The structural changes of eumelanin and nano/microparticles under UV exposure are examined by FTIR and synchrotron‐based FTIR spectroscopy. sc‐PLA2U was selected to represent the resulting particles due to its superiority in crystallinity and thermal stability compared to its counterparts. Figure 10 shows the FTIR spectra of eumelanin before and after UV exposure. A broad band centered at 3400 cm⁻¹ is attributed to the O‐H stretching of its hydroxyl groups. The C=O stretching modes at 1758, 1715, and 1675 cm⁻¹ are assigned to ketone/aldehyde, carboxylic acid, and amide groups, respectively. After UV exposure, the intensity of the 1758 cm⁻¹ band decreased rapidly, reflected by a sharp negative band in the difference spectrum after subtracting the original sample. This indicates a conversion of ketone/aldehyde groups caused by photodegradation [1]. An increase in the intensity of the 1600 cm⁻¹ band, corresponding to the N‐H and aromatic rings, reflects the deformation of eumelanin’s aromatic/conjugate structures. It was reported that UVA radiation could induce oxidative modifications of dihydroxyindole in the eumelanin structure, generating indolequinone moiety. This moiety occurred simultaneously with the free pyrrole‐2,3,5‐tricarboxylic acid (PTCA), leading to the disintegration of the eumelanin structure into its building units, as summarized in Figure 11 [61].

Figure 10

FTIR spectra of eumelanin: (a) before UV exposure, (b) after 8 h of UV exposure, and (c) the difference spectrum.

Figure 11

A proposed mechanism of photo‐induced structural modifications of eumelanin [61].

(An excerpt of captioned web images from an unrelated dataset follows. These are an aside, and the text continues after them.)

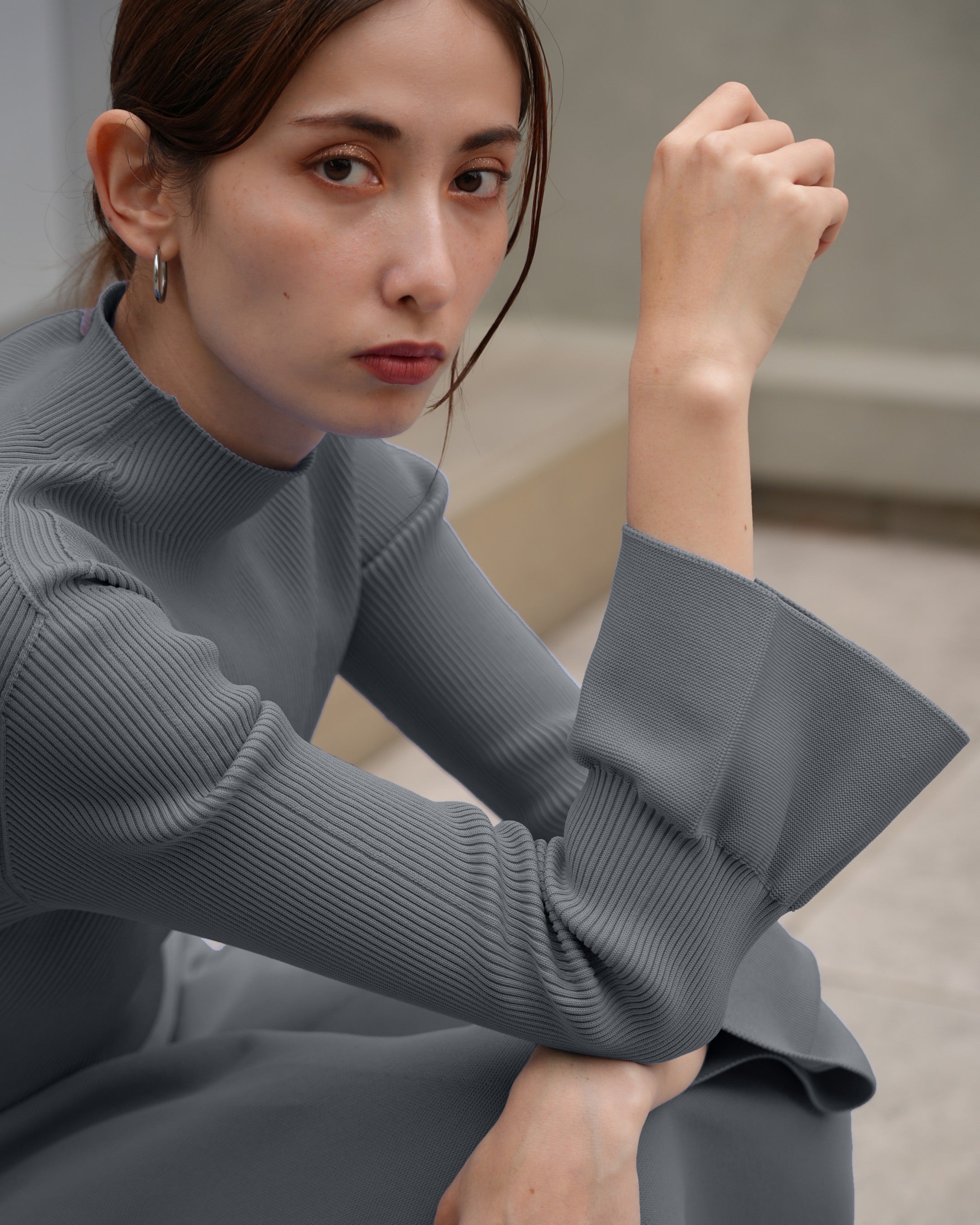Bell sleeve pullover x draped skirt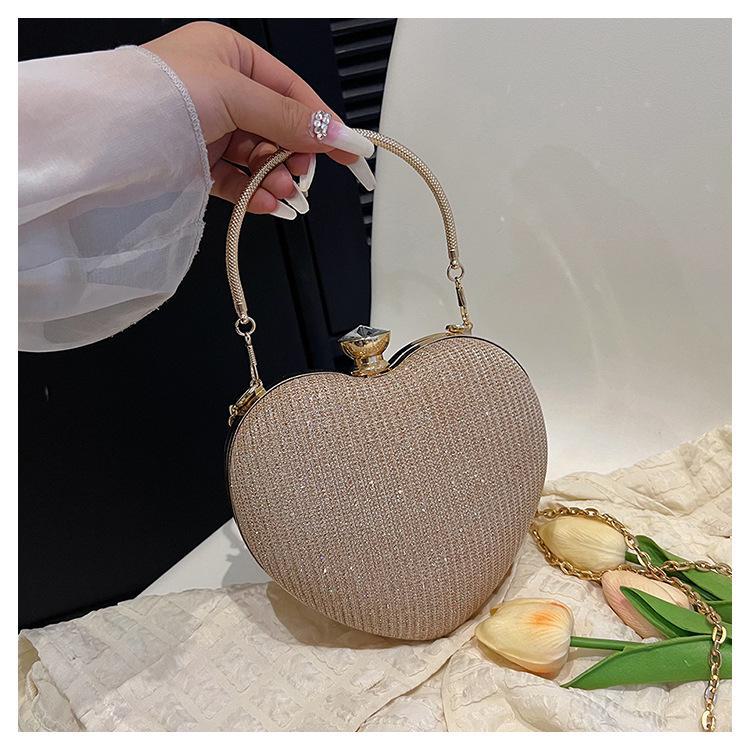 Elegante herzförmige Abendtasche mit Kette – vielseitiges und stilvolles Design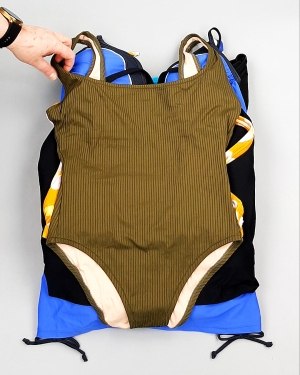 Фотография  381 - Купальники СТОК CAN 124#5 кг, ЛОТ №7689 оптом в Краснодаре и Краснодарском крае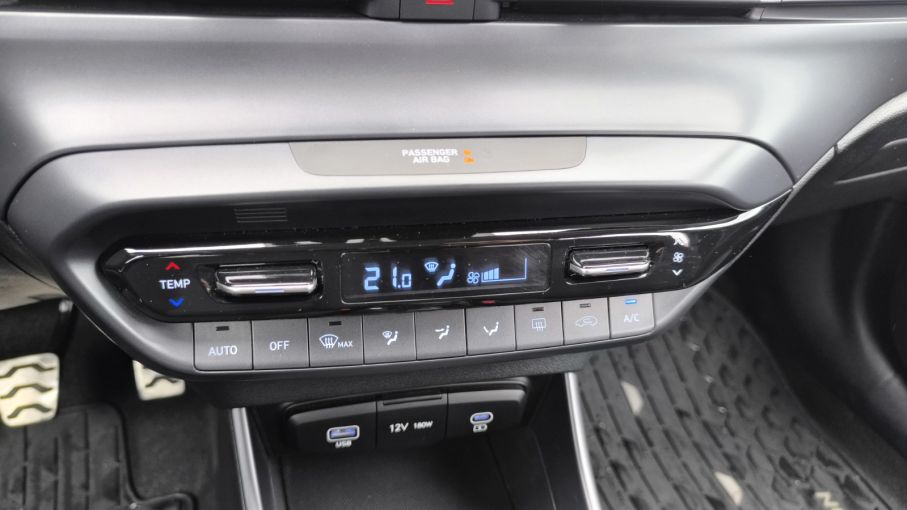 Hyundai Bayon 1,0 T-GDI 100KM, Smart + Design + Tech, salon PL, niski przebieg, Gwarancja 18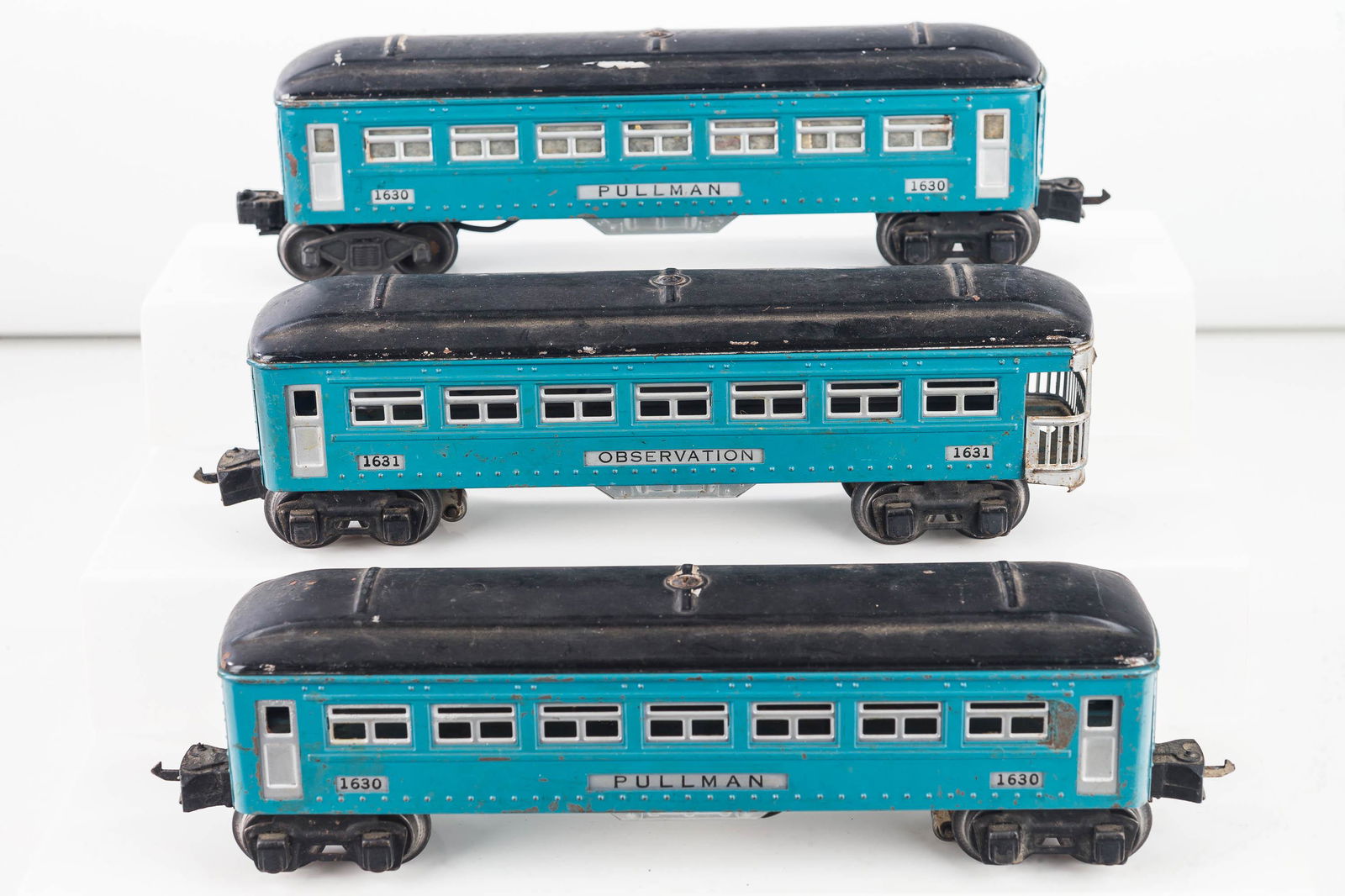 Lionel Pullman Train Cars: The three car set is blue, metal and show some common wear.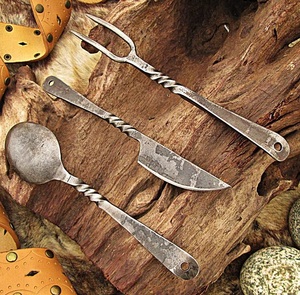 Couverts médiévaux de 3 pièces forgés à la main personnalisés, couverts OEM appropriés couteau fourchette cuillère pour festoyer et camper - Product Image 3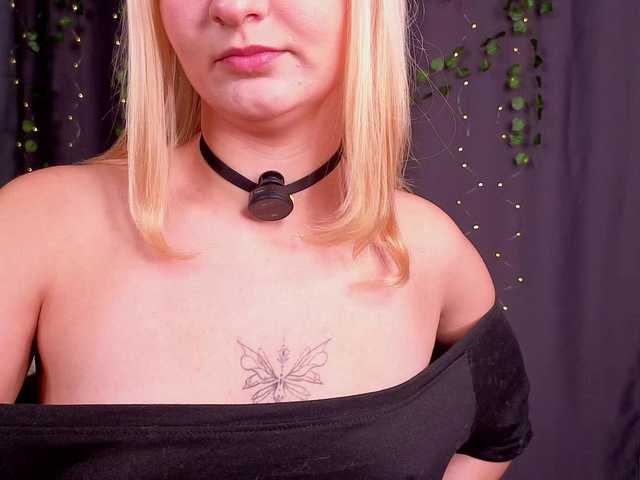 Nymphomaniac08 live cam on BongaCams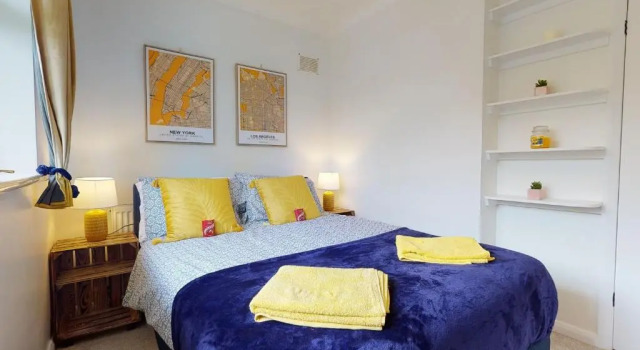 Contemporary 2 Bed Apartment With Private Garden, Varaa Huoneisto Asunnot kohteessa Merseyside, Huoneisto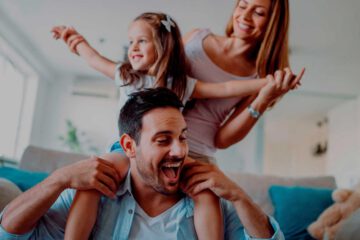 Familia feliz que confía en Inmobiliaria Palanca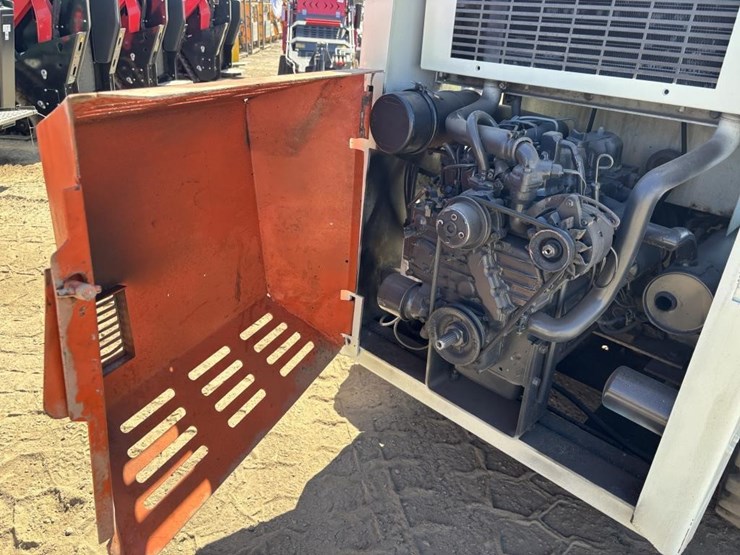 bobcat-725-image-27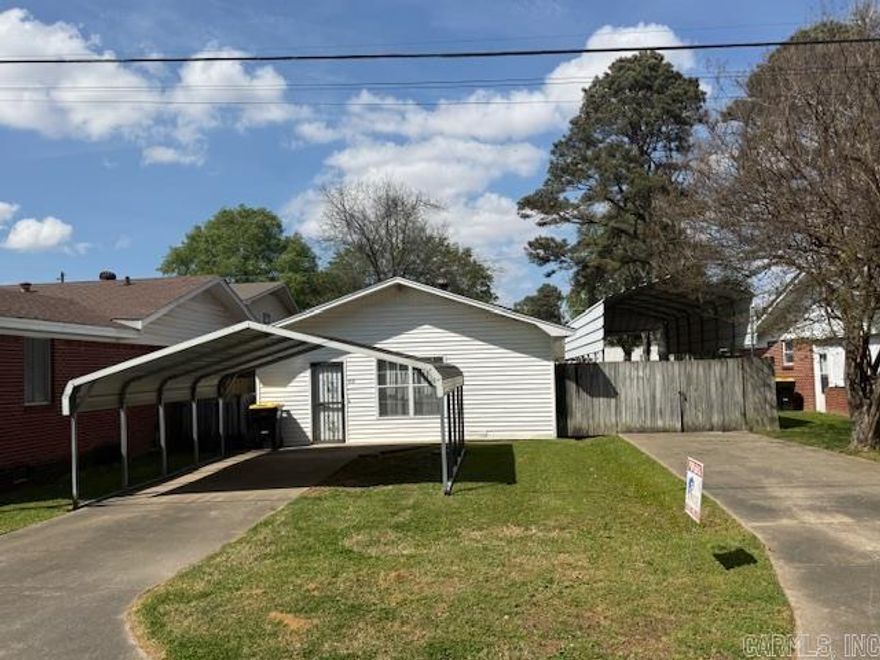 This is a cute small house.  It is perfect for a couple or single person.  It has a large living area with kitchen, bedroom and bath.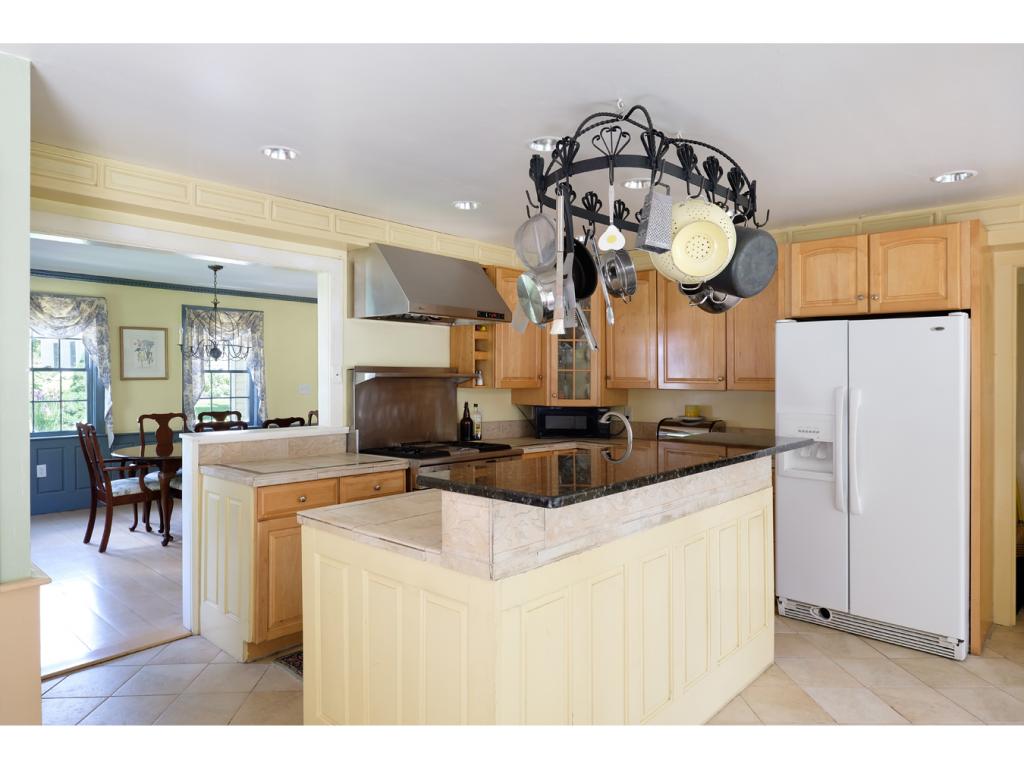 97 B Old Dennett Road Kittery, ME 03904 - Photo 10 of 34 Gallery Image 10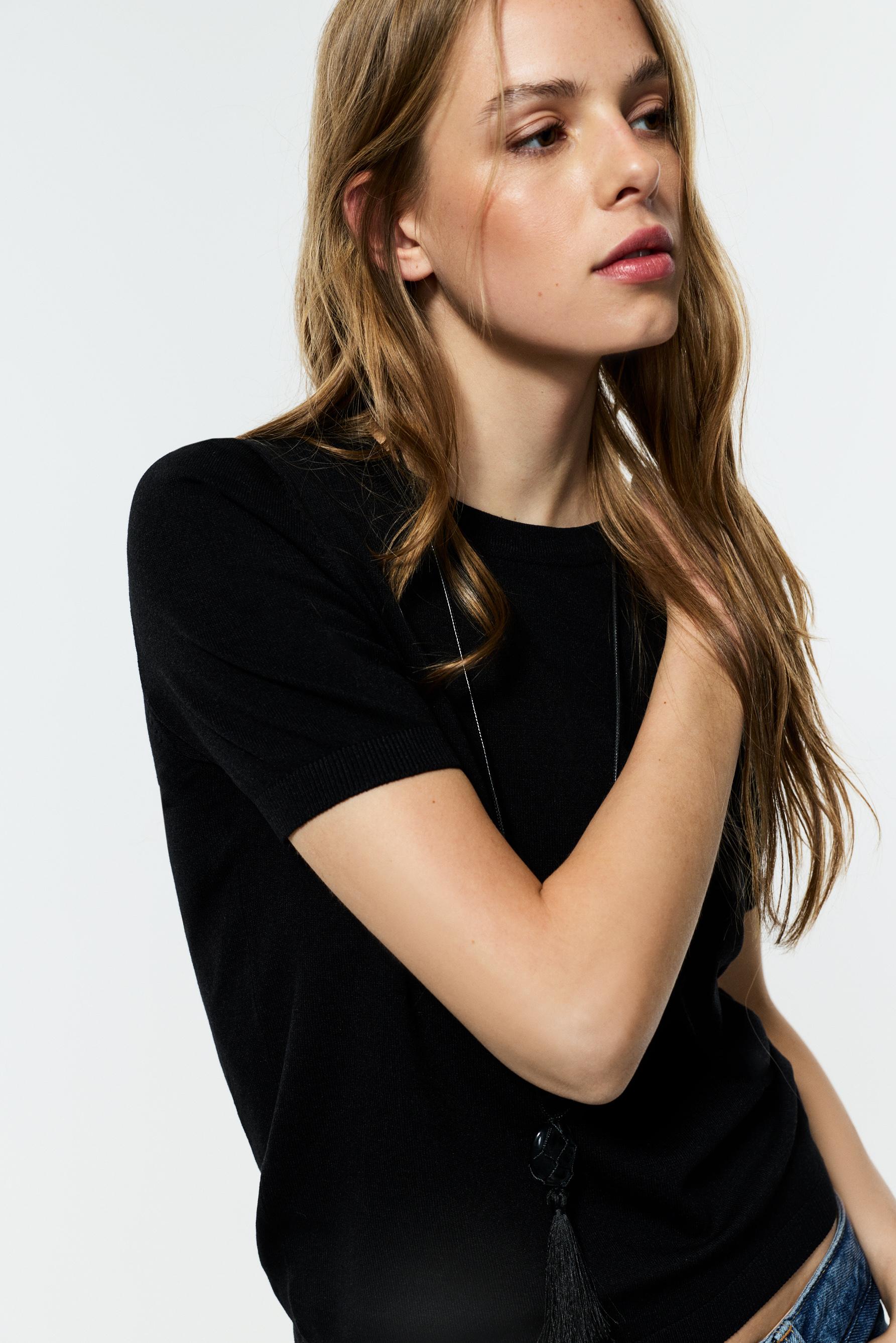 Basic knit top — BLACK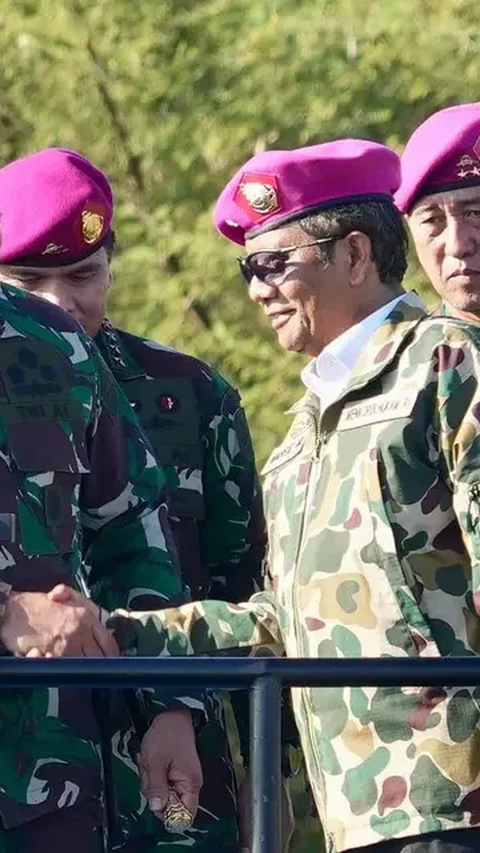 Mahfud Percaya Menhan Prabowo Perkuat Alutsista TNI, Tambah Anggaran Tiap Tahun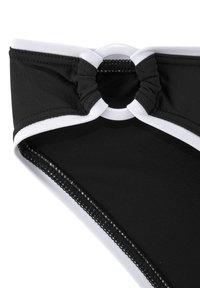 Bas de bikini noir avec bord blanc, présentant un design froncé à la taille et un accent circulaire en plastique. Texture lisse, matériau extensible.
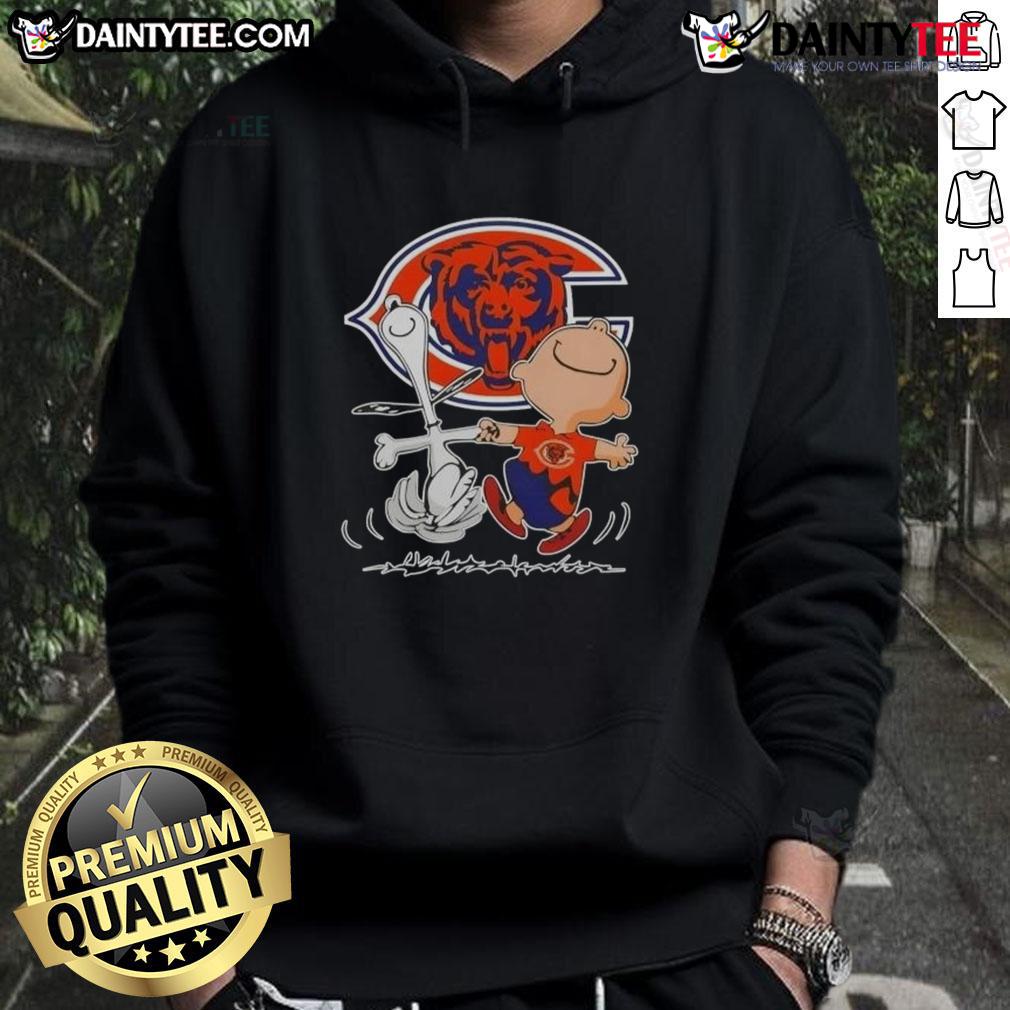 Cute Peanuts Snoopy X Charlie Brown Chicago Bears Football Hoodie Alt Text: Cute Peanuts Snoopy and Charlie Brown Chicago Bears football hoodie for fans of Peanuts and NFL apparel.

The corresponding difference FTIR spectra of eumelanin and the resulting eumelanin‐loaded particles after 8 h of UV exposure are compared in Figure 12(a). Changes in the intensities of the bands associated with eumelanin were observed after UV irradiation, i.e., C‐H stretching at 2995 cm⁻¹, C=O stretching at 1758 cm⁻¹, and C‐O stretching at 1200 cm⁻¹. A slight decrease in intensity of the 1750 cm⁻¹ band of the C=O stretching of PLA, which overlapped with that of eumelanin, was observed, indicating the ester bond breaking [62]. However, the absence of an anhydride C=O band at around 1845 cm^−1, typically formed after a high degree of photodegradation indicates that the photodegradation of the sc‐PLA shell is negligible [62, 63].

Figure 12

The effect of UV exposure on chemical structures of eumelanin and nano/microparticles examined by FTIR and synchrotron‐based FTIR spectroscopy: (a) difference FTIR spectra of (A) sc‐PLA2U particles and (B) eumelanin after 8 h of UV exposure, (b) normalized FTIR spectra of nano/microparticles after 8 h of UV exposure, (c) normalized FTIR spectra of sc‐PLA2U particles as a function of UV exposure time, and (d) synchrotron‐based FTIR spectra of sc‐PLA2U particles before and after 8 h of UV exposure.

(b)

(c)

(d)

The ratiometric approximation was used to evaluate the intensities of significant bands after UV irradiation by normalizing the spectra with a reference band at 2992 cm⁻¹. The normalized intensities of the 2925 and 2855 cm⁻¹ bands, corresponding to the C‐H stretching mode of Tween 80, are dependent on the eumelanin distribution process and ultrasonication treatments (Figure 12(b)). As shown in Table 5, the distribution of eumelanin in the copolymer (sc‐PLA2U and sc‐PLA2) yielded the highest values for both bands. In contrast, the samples with ultrasonication treatment showed higher values than those with mechanical stirring. The results suggest that the excess Tween 80 attached to the surface of the nano/microparticles changed after UV radiation. This also implies that the distribution of eumelanin in the copolymer phase and the ultrasonication treatments in the preparation steps could prevent the degradation of Tween 80 on the particle’s surfaces. Similar results were also observed on the 2941 cm⁻¹ band, associated with the C‐H stretching of PLA. This indicates that the preparation method can be optimized to prevent degradation of the sc‐PLA shells. FTIR spectra of the particles as a function of UV exposure time are further examined, as shown in Figure 12(c). The intensity of the bands at 2925 and 2855 cm⁻¹ decreased after a certain time of UV irradiation, indicating the degradation of Tween 80 attached to the particle’s surface. Similar results were also observed for the C‐H stretching band of PLA at 2941 cm⁻¹, reflecting the degradation of sc‐PLA shells after UV exposure.

Table 5

Normalized peak intensities of 2941, 2925, and 2855 cm⁻¹ modes by an internal standard band (2992 cm⁻¹) after UV exposure.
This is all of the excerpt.